• **Instructions for the task**
Print the listing below only from the line that has "Secretária em Forma" through the line that has "ODK Gaming Tisch, Computertisch", exactly, and drop any picture.

• **Records for the exercise**
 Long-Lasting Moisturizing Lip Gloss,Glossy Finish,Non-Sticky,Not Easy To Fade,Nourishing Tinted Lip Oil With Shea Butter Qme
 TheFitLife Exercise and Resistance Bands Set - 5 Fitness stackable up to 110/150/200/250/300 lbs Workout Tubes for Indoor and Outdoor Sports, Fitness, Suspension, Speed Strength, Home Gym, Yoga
---
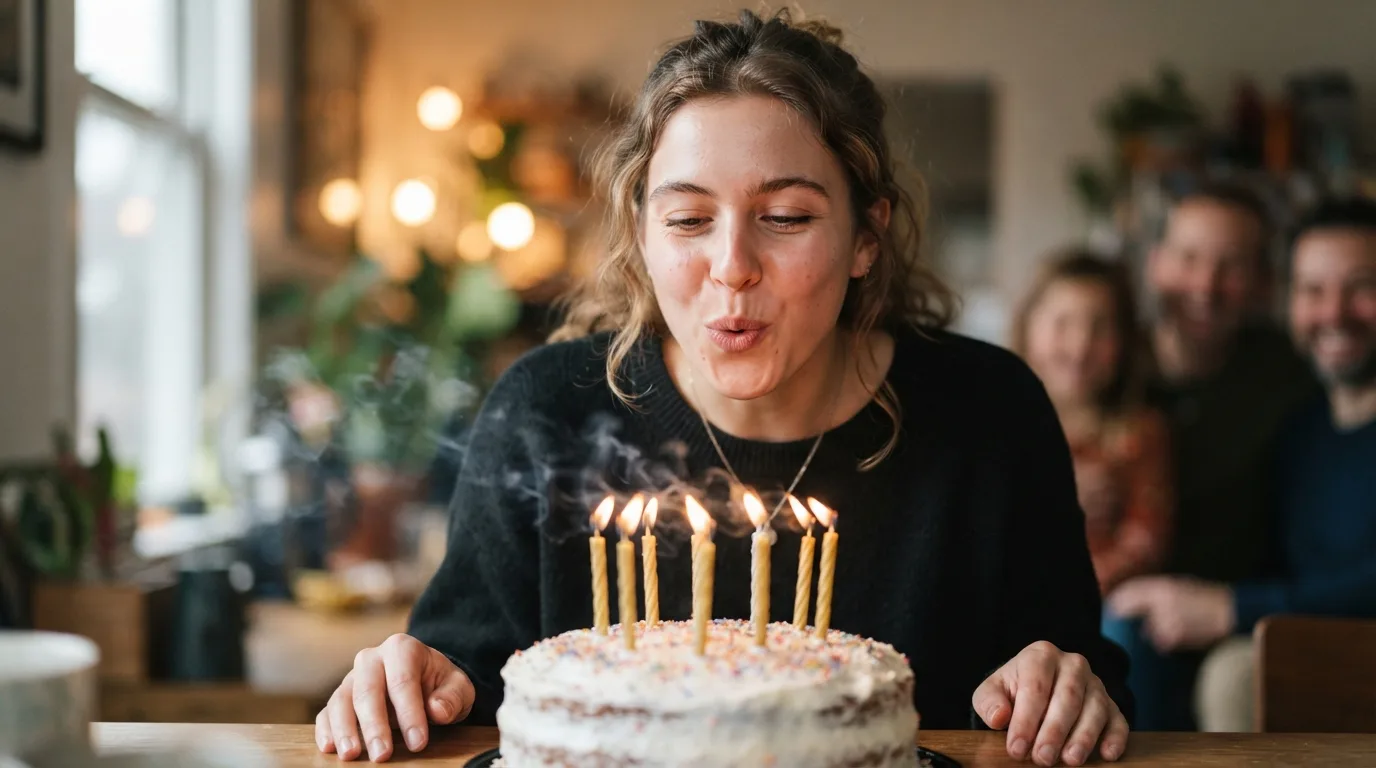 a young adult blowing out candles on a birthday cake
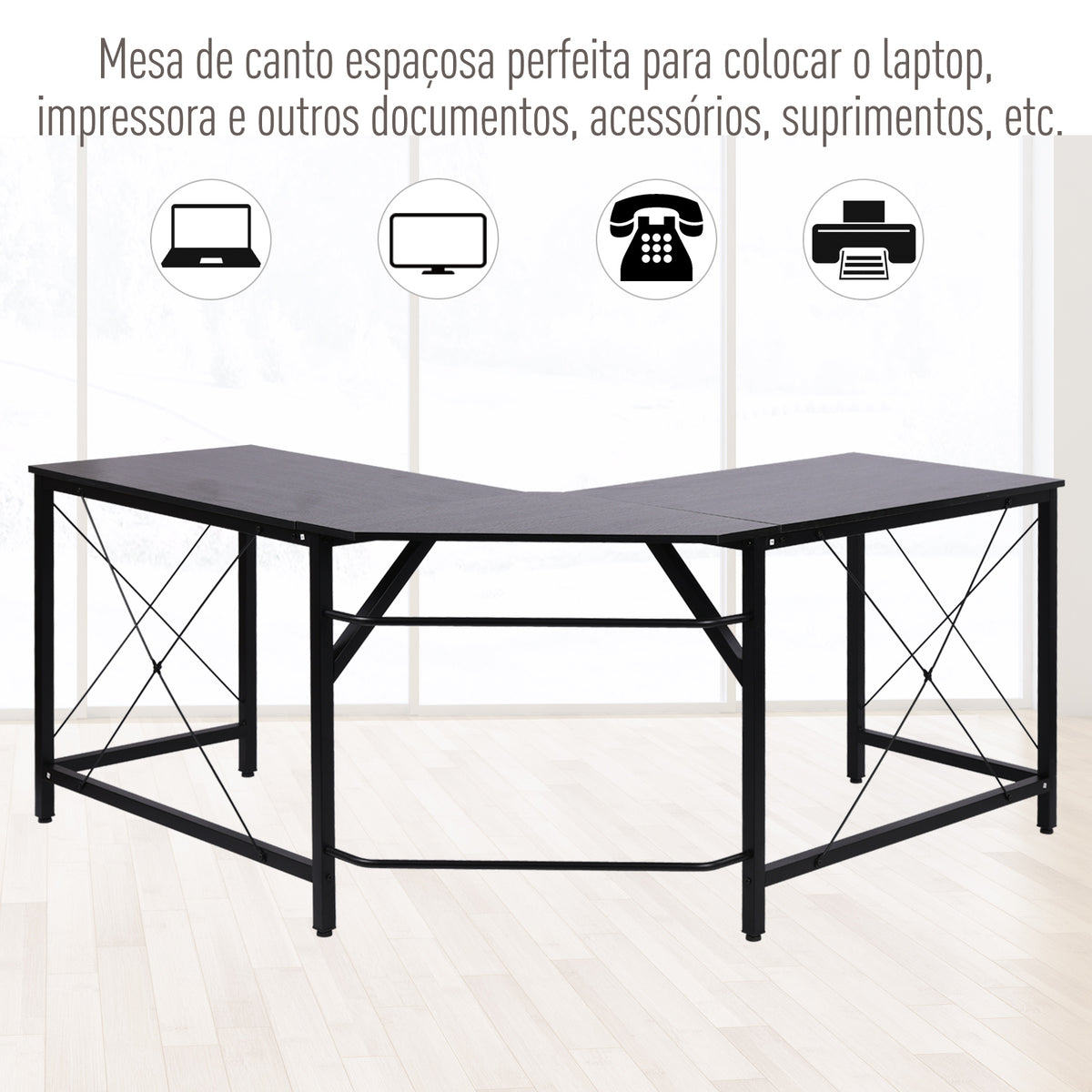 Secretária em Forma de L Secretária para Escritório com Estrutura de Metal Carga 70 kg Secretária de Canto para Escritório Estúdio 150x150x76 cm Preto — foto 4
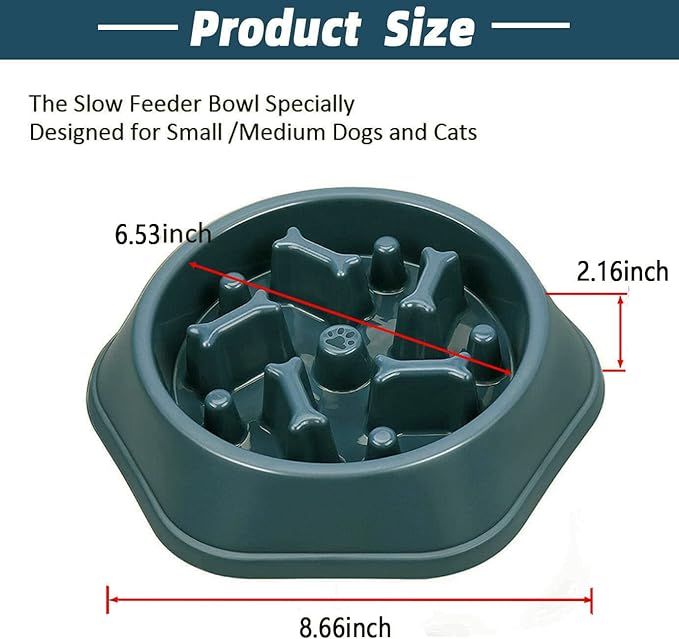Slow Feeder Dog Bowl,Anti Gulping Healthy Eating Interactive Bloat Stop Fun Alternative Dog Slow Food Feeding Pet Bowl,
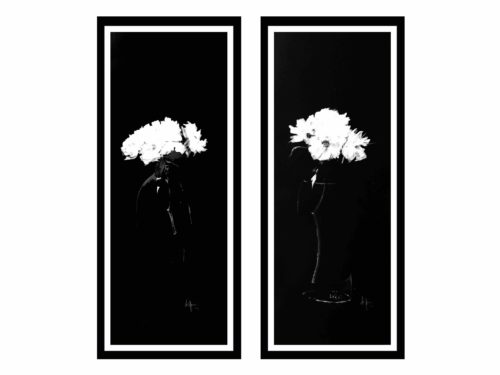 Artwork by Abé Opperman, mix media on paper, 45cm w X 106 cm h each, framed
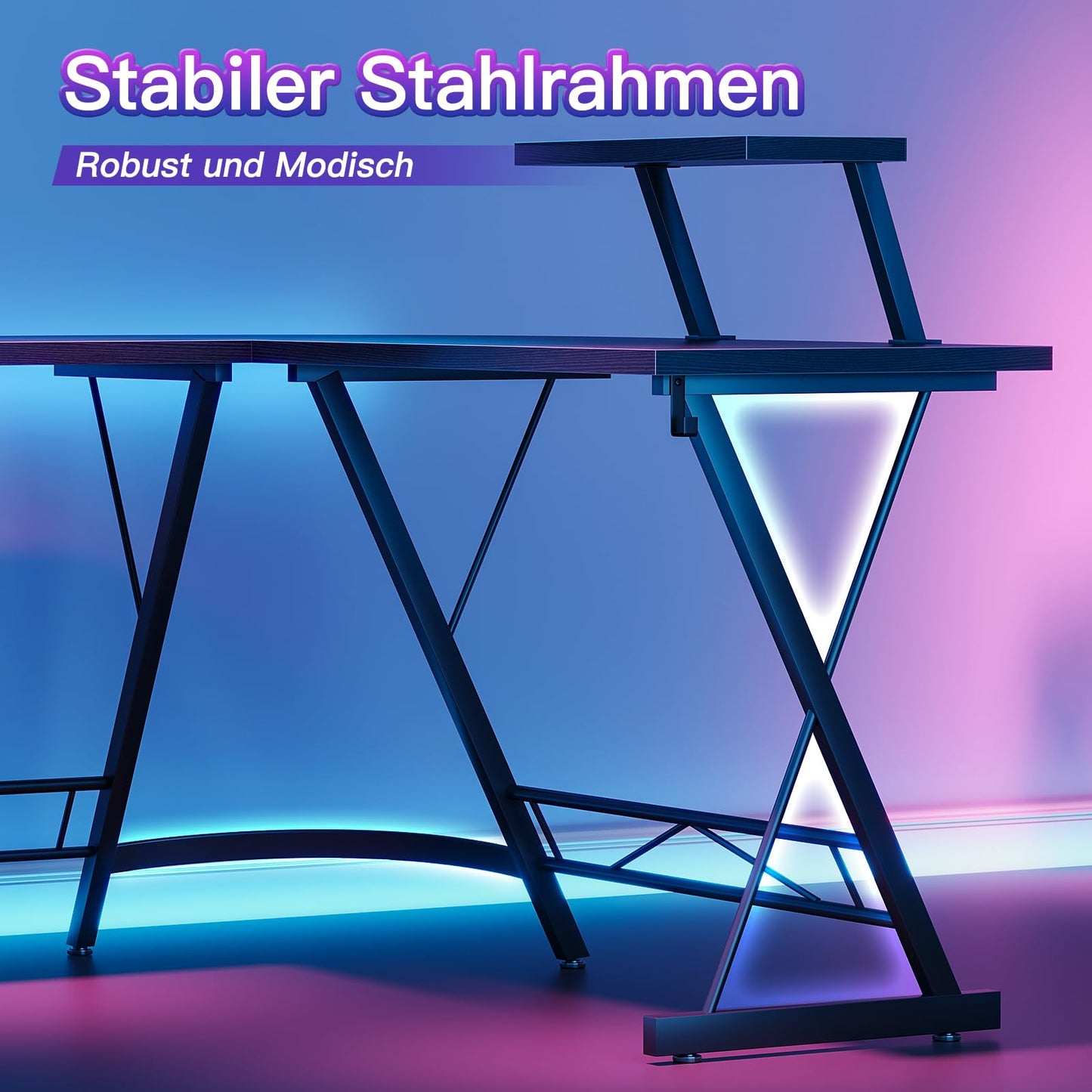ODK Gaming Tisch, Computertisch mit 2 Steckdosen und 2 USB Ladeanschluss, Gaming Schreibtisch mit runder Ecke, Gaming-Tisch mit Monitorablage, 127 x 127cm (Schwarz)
* * *
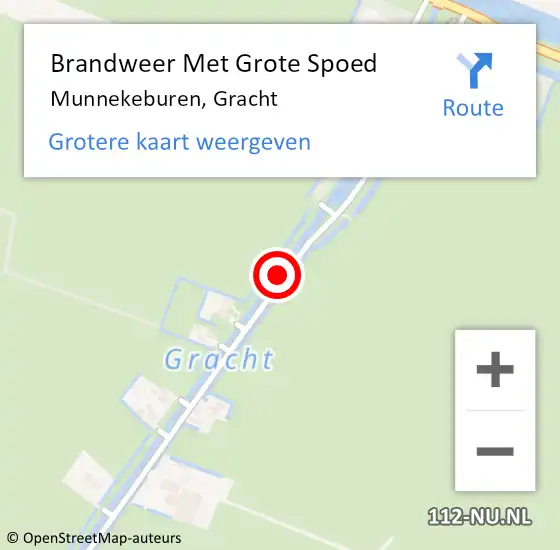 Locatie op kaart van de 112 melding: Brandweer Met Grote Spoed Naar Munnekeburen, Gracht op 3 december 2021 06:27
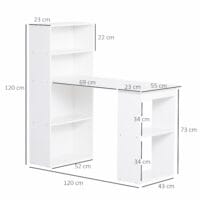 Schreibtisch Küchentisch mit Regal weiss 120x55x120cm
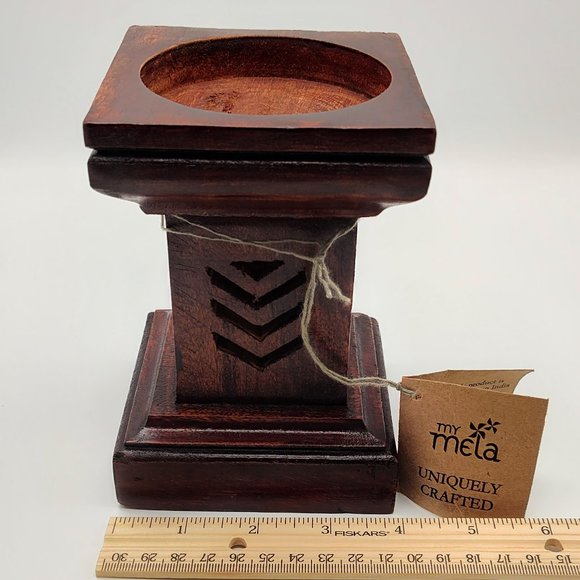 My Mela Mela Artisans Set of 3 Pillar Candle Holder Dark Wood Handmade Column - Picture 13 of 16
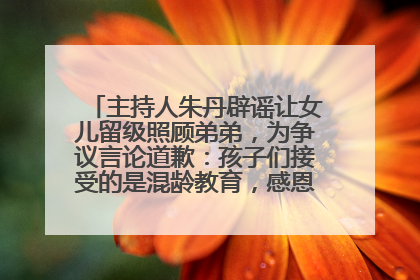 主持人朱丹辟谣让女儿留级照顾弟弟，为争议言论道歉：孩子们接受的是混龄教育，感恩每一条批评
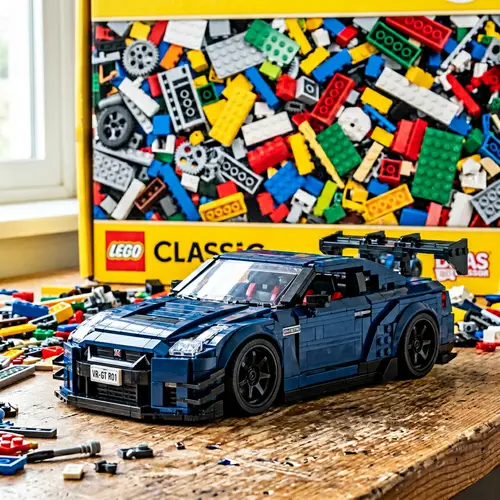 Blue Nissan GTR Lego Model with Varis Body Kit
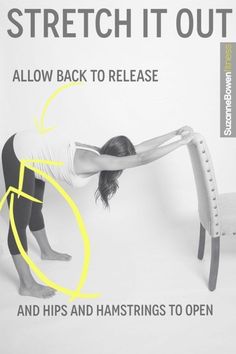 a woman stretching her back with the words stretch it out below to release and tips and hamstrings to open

• **Reply to the task**
 Secretária em Forma de L Secretária para Escritório com Estrutura de Metal Carga 70 kg Secretária de Canto para Escritório Estúdio 150x150x76 cm Preto — foto 4
Slow Feeder Dog Bowl,Anti Gulping Healthy Eating Interactive Bloat Stop Fun Alternative Dog Slow Food Feeding Pet Bowl,
 Artwork by Abé Opperman, mix media on paper, 45cm w X 106 cm h each, framed
ODK Gaming Tisch, Computertisch mit 2 Steckdosen und 2 USB Ladeanschluss, Gaming Schreibtisch mit runder Ecke, Gaming-Tisch mit Monitorablage, 127 x 127cm (Schwarz)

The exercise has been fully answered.